「r<-統計分析」層次聚類與非層次聚類 層次聚類 (HC) 2- 聚類方法選擇 非層次聚類 (NHC)

原文鏈接:https://www.rpubs.com/dvallslanaquera/clustering

層次聚類 (HC)

在這個分析中,我們將看到如何創建層次聚類模型。目的是探索數據庫中是否存在相似性組,並查看它們的行爲。

例如,我們將使用Doubs數據庫,該數據庫基於從法國Doubs河中提取的魚類樣本的物理特徵。其目的是查看樣本的行爲以及如何對數據進行分組。

1- 數據準備

我們需要刪除帶有雙零或NA值的行,否則當我們嘗試創建樹狀圖時,它們將會出現問題。然後我們需要根據它們的距離對值進行規格化。這次我們將使用歐氏距離,但也有其他有用的距離方法。

library(cluster)
library(vegan)
library(ade4)

data(doubs)
spe <- doubs$fish[-8,] 
env <- doubs$env[-8,]
spa <- doubs$xy[-8,]

spe.norm <- decostand(spe, "normalize") 
spe.ch <- vegdist(spe.norm, "euc") 

2- 聚類方法選擇

我們將選擇所有可用的方法,然後我們將選擇一個最佳的驗證分析。方法有單點法、完整法、平均法、質心法和Ward法(single, complete, average, centroid and Ward)。

par(mfrow = c(2, 3)) 

spe.ch.single <- hclust(spe.ch, method = "single") 
plot(spe.ch.single, sub = "Single method")

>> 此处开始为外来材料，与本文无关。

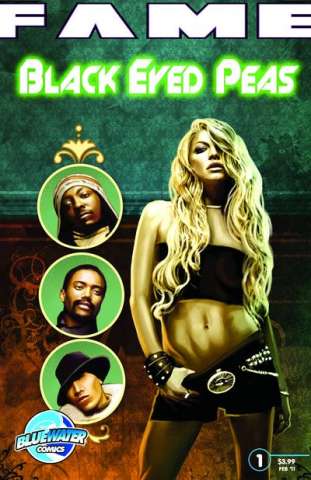 Fame 11: Black Eyed Peas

spe.ch.complete <- hclust(spe.ch, method = "complete")
plot(spe.ch.complete, sub = "Complete method") 

spe.ch.UPGMA <- hclust(spe.ch, method = "average") 
plot(spe.ch.UPGMA, sub = "Average method")

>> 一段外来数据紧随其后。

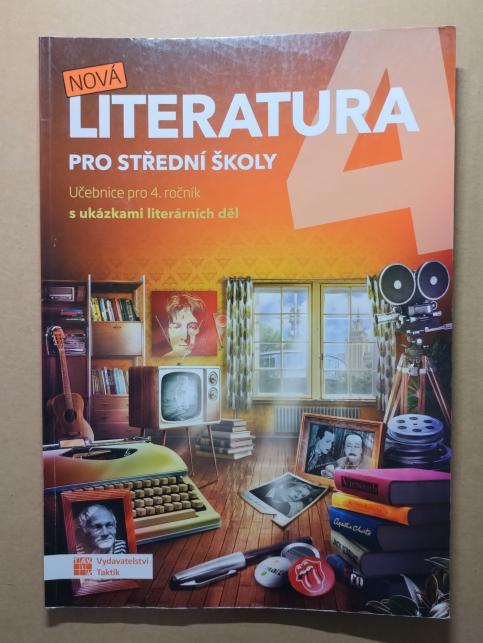 Nová literatura pro střední školy 4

spe.ch.centroid <- hclust(spe.ch, method = "centroid") 
plot(spe.ch.centroid, sub = "Centroid method")

spe.ch.ward <- hclust(spe.ch, method = "ward.D") 
plot(spe.ch.ward, sub = "Ward method")

這個樹狀圖的結構證明是有問題的。我們可以在樹狀圖上觀察到重疊,因此這種方法不再有效。

3- 選擇最佳方法

在質心法的情況下,我們可以看到過擬合。在其他情況下,我們必須計算:

  • 同表型相關性(Cophenetic correlation)
  • 高爾距離值(Gower distance value)

3.1. 同表型相關性

spe.ch.single.coph <- cophenetic(spe.ch.single) # Single
paste("Single cophenetic:", cor(spe.ch, spe.ch.single.coph))
## [1] "Single cophenetic: 0.599192957534406"
spe.ch.comp.coph <- cophenetic(spe.ch.complete) # Complete
paste("Complete cophenetic:", cor(spe.ch, spe.ch.comp.coph))
## [1] "Complete cophenetic: 0.765562801324477"
spe.ch.UPGMA.coph <- cophenetic(spe.ch.UPGMA) # Average
paste("UPGMA cophenetic:", cor(spe.ch, spe.ch.UPGMA.coph))
## [1] "UPGMA cophenetic: 0.860832629864453"
spe.ch.ward.coph <- cophenetic(spe.ch.ward) # Ward 
paste("Ward cophenetic:", cor(spe.ch, spe.ch.ward.coph))
## [1] "Ward cophenetic: 0.759393401189188"
cor(spe.ch, spe.ch.ward.coph, method = "spearman")
## [1] 0.7661171

同表型相關的圖示(謝潑德圖 Shepard diagram)。越靠近對角線越好。

par(mfrow = c(2, 2))
plot(spe.ch, spe.ch.single.coph, xlab = "Chord distance", 
     ylab = "Cophenetic distance", asp = 1, xlim = c(0, sqrt(2)), ylim = c(0, sqrt(2)),
     main = c("Single linkage", paste("Cophenetic correlation =",
                                    round(cor(spe.ch, spe.ch.single.coph), 3))))
abline(0, 1);  lines(lowess(spe.ch, spe.ch.single.coph), col = "red")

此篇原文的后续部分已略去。